Miller’s actions at the White House have perpetrated “negativity, violence, malice and brutality,” the rabbi said. In particular, the “zero-tolerance” policy Miller helped craft was “completely antithetical to everything I know about Judaism, Jewish law and Jewish values.”
“From the Jewish perspective, the parent-child relationship is sacrosanct. Disrupting it is cruel,” Comess-Daniels said. “Mr. Miller, the policy that you helped to conceive and put into practice is cruel.”
“Honestly, Mr. Miller, you’ve set back the Jewish contribution to making the world spiritually whole through your arbitrary division of these desperate families at our southern border,” the rabbi added.
The White House did not respond to HuffPost’s request for comment.
Miller grew up in a liberal Jewish community in Santa Monica, but emerged as an ardent conservative as a teenager. Comess-Daniels claims Miller’s family attended Beth Shir Shalom when he was around 9 or 10 years old. The Millers also appear to have attended another liberal Reform congregation in the area, the Santa Monica Synagogue. Miller attended that synagogue’s 10th-grade confirmation class, according to The New York Times.
After graduating from college, Miller worked for several Republican politicians before joining Trump’s presidential campaign.
Comess-Daniels isn’t the first Jewish leader to denounce Miller’s actions as a White House adviser. In February, 17 Jewish organizations sent a letter to White House chief of staff John Kelly expressing concern over Miller’s “extreme viewpoints and advocacy of racist policies.” The letter, signed by the National Council of Jewish Women, the American Jewish World Service and others, stated that Miller’s views are “anathema to our Jewish and American values.”
“As Jews, we are in solidarity with immigrants and refugees and believe that our nation must be a refuge and welcoming home for new Americans,” the letter stated. “Our people have been persecuted too many times in history for us to do otherwise.”

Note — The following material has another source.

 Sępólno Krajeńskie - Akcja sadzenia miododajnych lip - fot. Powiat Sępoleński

Jane Eisner, editor-in-chief of the Jewish news organization Forward, wrote an opinion piece in June encouraging Jews to disown Miller over his family separation policies.

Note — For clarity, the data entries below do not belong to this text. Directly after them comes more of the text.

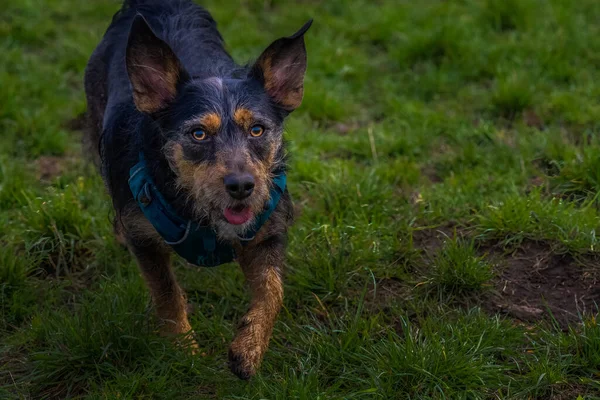 Ormandaki Köpek — Stok fotoğraf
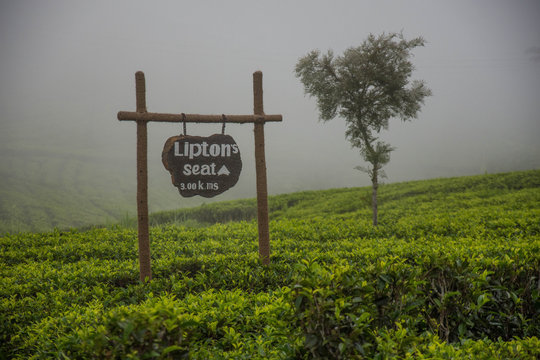 Way to the Liptons Seat, surrounded by tea plantations.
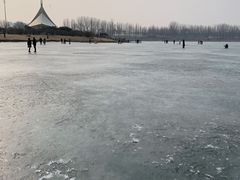-丁香湖公园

“You are not one of us,” Eisner wrote. “Not when you promulgate dehumanizing policies that violate Jewish values.”
More recently, Miller’s own uncle, David Glosser, wrote an article for Politico explaining how Miller’s maternal ancestors immigrated to the U.S. in the early 20th century to escape persecution in Eastern Europe. Glosser said he’s watched with “dismay and increasing horror” as Miller became the architect of immigration policies that “repudiate the very foundation of our family’s life in this country.”
As part of their spiritual practice during the Days of Awe, Jews often seek forgiveness from friends and family whom they may have hurt in the past year. Comess-Daniels said it was up to Miller to own up to what he has done.
“You can choose to accept responsibility for the havoc you’ve wrought and the wounds you’ve inflicted, or not,” the rabbi said in Monday’s sermon. “You can take some action that seems to heal or rectify the injury you’ve caused, or walk away, wrapping yourself in the deflecting guise of national security.”
For his part, the rabbi promised to never give up hope that Miller would change his ways and become a mensch ― a Yiddish word that describes a person who is filled with honor, integrity, and kindness.
In the meantime, Comess-Daniels said that he and his congregation, along with other progressive people of faith, will be working hard to reverse the damage Miller has done.
“In a place where no one is acting like a mensch, be one,” Comess-Daniels said, quoting the influential ancient rabbi Hillel the Elder. “That’s what we’ll be doing, Mr. Miller, because that’s who we are. We can only hope you will decide to join us.”